Jane Scott Hodges understands that style is personal. That's why she founded Leontine Linens, a couture fine-linens company that goes the extra mile to make sure clients come away with products they love -- even conducting in-home consultations. Leontine Linens designs custom items for bedrooms, bathrooms, dining rooms, and more. Each made-to-order piece -- from bath towels and bed sheets to napkins and nightshirts -- is crafted individually and meant to add a bit of luxury to everyday life.
How did Leontine Linens start?
It all started with monogrammed linens. I wanted to put a fresh twist on [traditional] monogramming. I thought it would be fun to blow the designs up and make [them pop], so you can swap formal white linen napkins for a more [playful] color version.
I think it’s a shame to only have nice dinners out, where it can be loud and distracting. People worry about getting everything perfect for at-home dinner parties. If you have 14 people and a china set of 12, mix in something else. Use what you have. No one is judging your decor; everyone is grateful to spend time together in your home. My goal was to make linens approachable in that way, something to use in everyday life.
Why should someone invest in quality linens for their home?
These are all our intimate items –- we bathe with them, sleep with them, dine with them. If we are exposed to these finer things and understand them, they stick with us. If we remember setting the table at Easter with our mother, we share that with our family and friends. It then becomes an intimate part of who we are. I give my son a cute linen napkin with his Cap'n Crunch. It’s something he might remember, and then it becomes ingrained in his routine. I think it’s important to impart these traditions.

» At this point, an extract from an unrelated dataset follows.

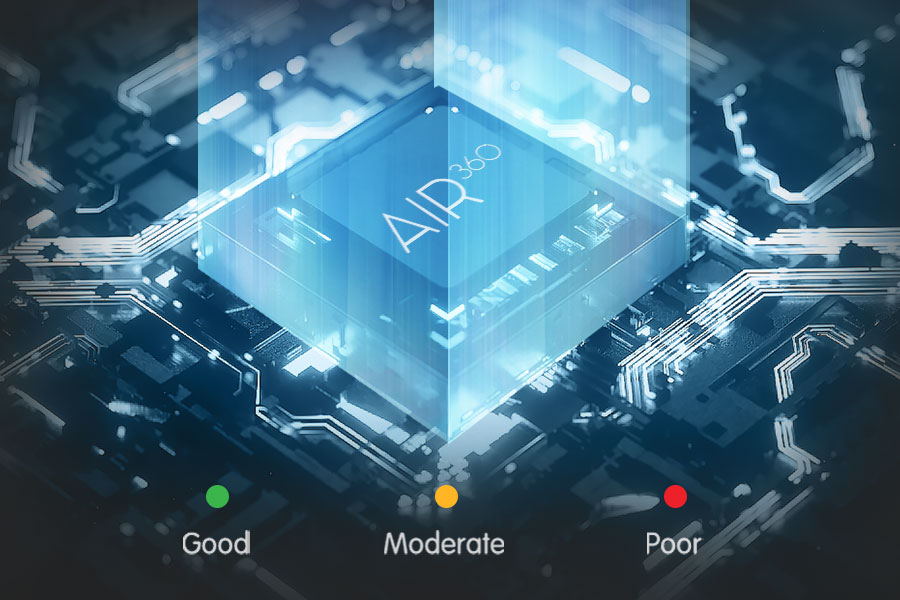 Menampilkan kualitas udara melalui sensor warna, memantau konsentrasi PM2.5 dan suhu ruangan secara akurat.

Should I be sending my linens out for dry cleaning?
Linen loves to be washed. Textiles want to be used, loved, laundered, and reused. Don’t be afraid to wash things yourself. If you have a dinner party and someone gets lipstick or wine on the linens, don’t panic. Don’t let them sit overnight, but it can wait until the end of the dinner party. Put them in the washer on the cold cycle. White linens are dyed white so don’t ever use bleach on them. It might require a couple cycles to get the stain out, but it will disappear.
How should I care for my linens so they last longer?
To avoid replacing your linens, rotate sets seasonally. If you are washing the same duvet every week for a year, it’s going to be shot. As long as you mix up your linens, they will last forever. When you store a set, it’s best not to starch them. Starching before long storage can cause the fabric to yellow over time. People sometimes ask if they should iron their sheets. I tell them no one knows but you, so it’s your call. If you don’t care, you don’t care. With towels, I stick to white or ivory because it doesn’t fade like other colors. Towels are hard to dye, so the colors tend to fade faster. Also, avoid using fabric softeners with towels.
How do you help customers figure out what they want in their linens?
Linens are not an impulse buy, so people tend to overthink it. We might spend the same amount of money on a handbag, but it’s a different kind of purchase. You aren’t committing to your bedding for life; it’s not drapery. You can change it every season and give your room a whole new look. We ask clients to bring in a picture of their bedroom or bathroom. It’s like a cheat sheet to their style. There is no wrong answer with linens. It’s whatever you love and what works for your life. How do you make your bed? Do you make your bed? Do you like extra pillows? It’s about practicality. If you hate taking a ton of pillows off your bed at night, don't invest in too many accent pillows. If you have two bathrooms, you can pick towels that work with both rooms, and rotate to refresh the looks. It’s about the individual, what will best suit your needs.